Saturday, November 13, 2010

Dancing Style and Geography

I'm in Portland this weekend. Although I did not make it out dancing, I have in the past, and it always fascinates me that the dancing is so different between Portland and Seattle.

I should probably not be surprised, as most instructors I have learned from seem to work very hard to establish a unique style. It seems to follow from this that the 'local' dancing in a city would depend a lot on the local instructors. However ... there is a fair variety of approach, even in a relatively small place like Portland, and there is also a fair amount of exchange and travel between here and Seattle. And yet, it took me quite a while (if I have yet figured it out) how to give dancer's in Portland as nice a dance as I might in Seattle.

What is the difference? I probably don't do it justice, but mainly: Portland prefers a lighter approach to leading, with a very light embrace, and the follow free to turn inside it. Seattle seems to like a little more grounded-ness, with a firmer embrace. Not everyone is the same, and each city has follows who like either style, but that is broadly what I have encountered. My dancing has probably gradually shifted somewhere in the middle of those.  I now try to feel out where my follow likes to be in that spectrum, and adjust my embrace and lead as appropriate.

I haven't danced much outside of these two cities, and I look forward to encountering new styles and habits!

Wednesday, November 3, 2010

Practicing at Practicas

Last night, I participated in a discussion about the Seattle tango community: where it is at; where it might be headed; where it should be headed.

Among many interesting topics and points of view, we talked about the problem of allowing for practice time. Of course, solo time is available, but generally, you may not have a floor that is good for it, or a partner to dance with, or a music system sufficient to bring across all the intricacy in the music.

Thus, a practica.

However, at least in seattle, practica's are treated as social dances instead of practice time. There is some shading of practice: people will stop and work on steps together, there may be no cortinas between tandas, and people are a little dressed down. Mostly, though, people will dance with a person, in the round, for 4 or 5 songs, thank each other, and then go look for the next social dance.

So how to run a practica that allows for and encourages a teaching atmosphere?

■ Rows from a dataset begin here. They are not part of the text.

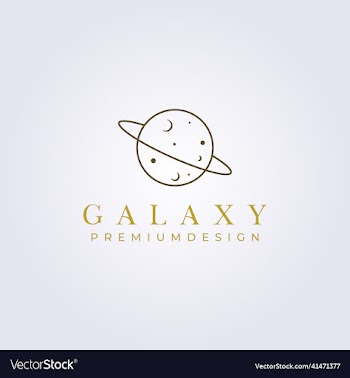 simple minimal space planet logo icon symbol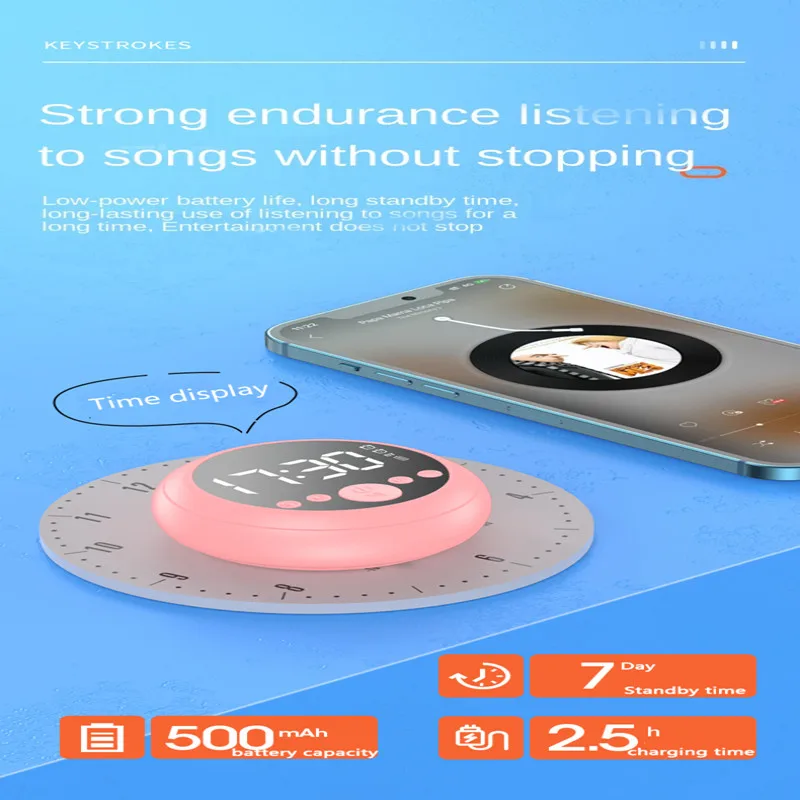 1pc New Round Shape Mirror Alarm Clock Z2 Buletooth-compatible 5.0 Speaker HIFI Stereo Support TF Card With FM Radio Function - купить по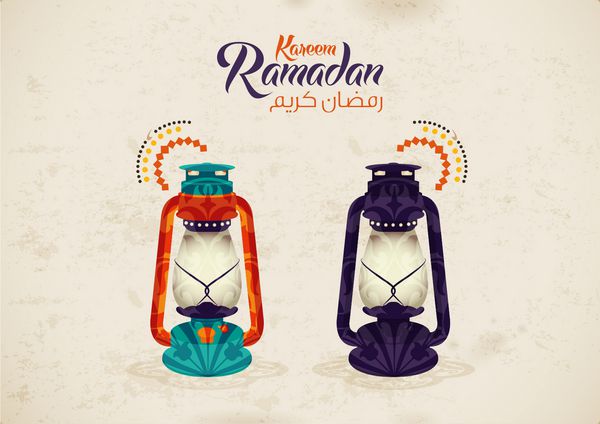 فانوس های عربی در زمینه گرانج برای ماه مبارک جامعه مسلمانان رمضان کریم ترجمه رمضان سخاوتمندانه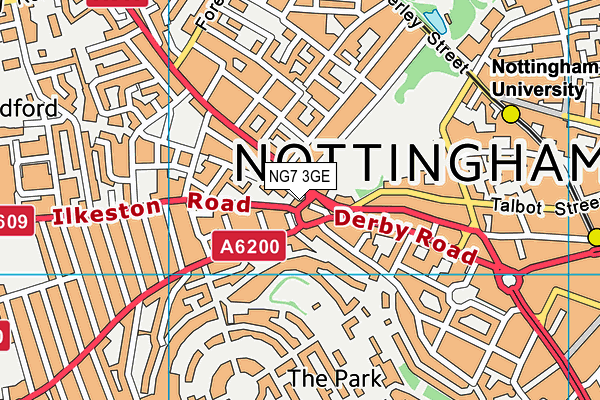NG7 3GE map - OS VectorMap District (Ordnance Survey) NG7 3GE map - OS VectorMap District (Ordnance Survey)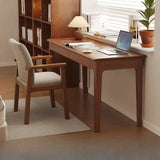 Nut-Brown Wood Bedroom Desk and Chair Set with Drawers Image - 7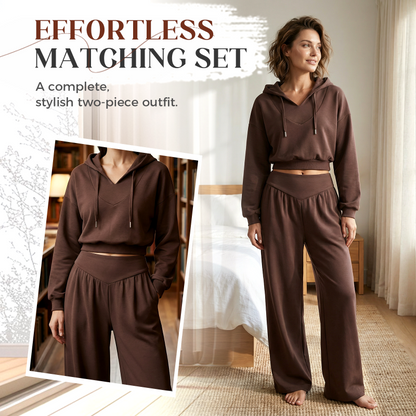 WINA CROP HOODIE SET - Comfortable Two-Piece Outfit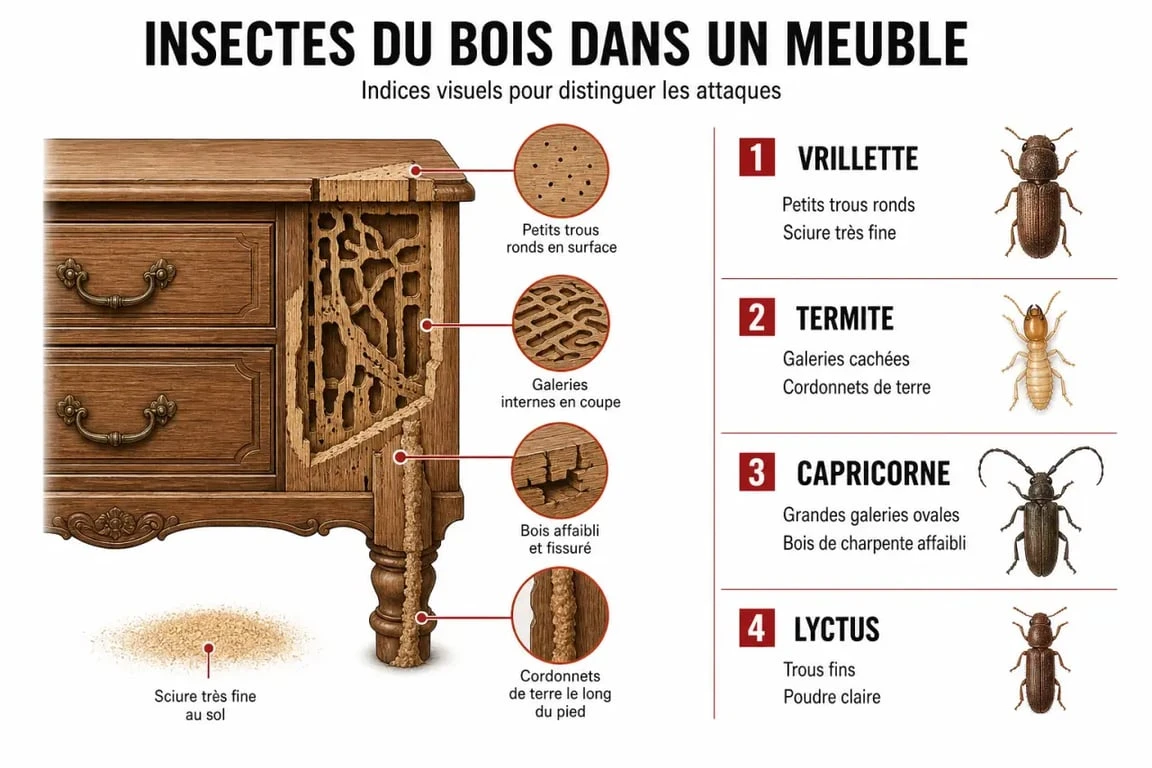 Mites bois meuble : comparaison visuelle des signes de vrillette, termite, capricorne et lyctus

  1. Set it up with that expectation (the goal of this practica is for experienced dancers to work with newer dancers)
  2. Adjust incentives to encourage this: free for experienced dancers, not-free for new ones (or any other incentive scheme one could dream up. Perhaps sign-ups for the 'experienced dancers' list? With some sort of reward/ranking scheme to determine if/when they get to sign up again?)
  3. Make dancing the room impossible -- break it up into 2 or more small spaces, with plenty of room for dancing in place, working out a movement, thinking about the music, but not to be swept into a dance around the room when you hear your favorite Canaro song. (2 spaces will turn into one dance, and one practice, possibly)
  4. The music can't be too good. The songs chosen can all be good, of course, but the flow of music can not encourage runs of dancing
The focus on the music really stuck with me, and has me thinking about what songs I would pick to encourage practice, but not dancing. Depending on the particular practice goals, of course, some music will be more suitable than others. Or perhaps there could be some work on orchestra's, so all music for the first hour will be D'Arienzo, then we switch to Pugliese. Or what have you.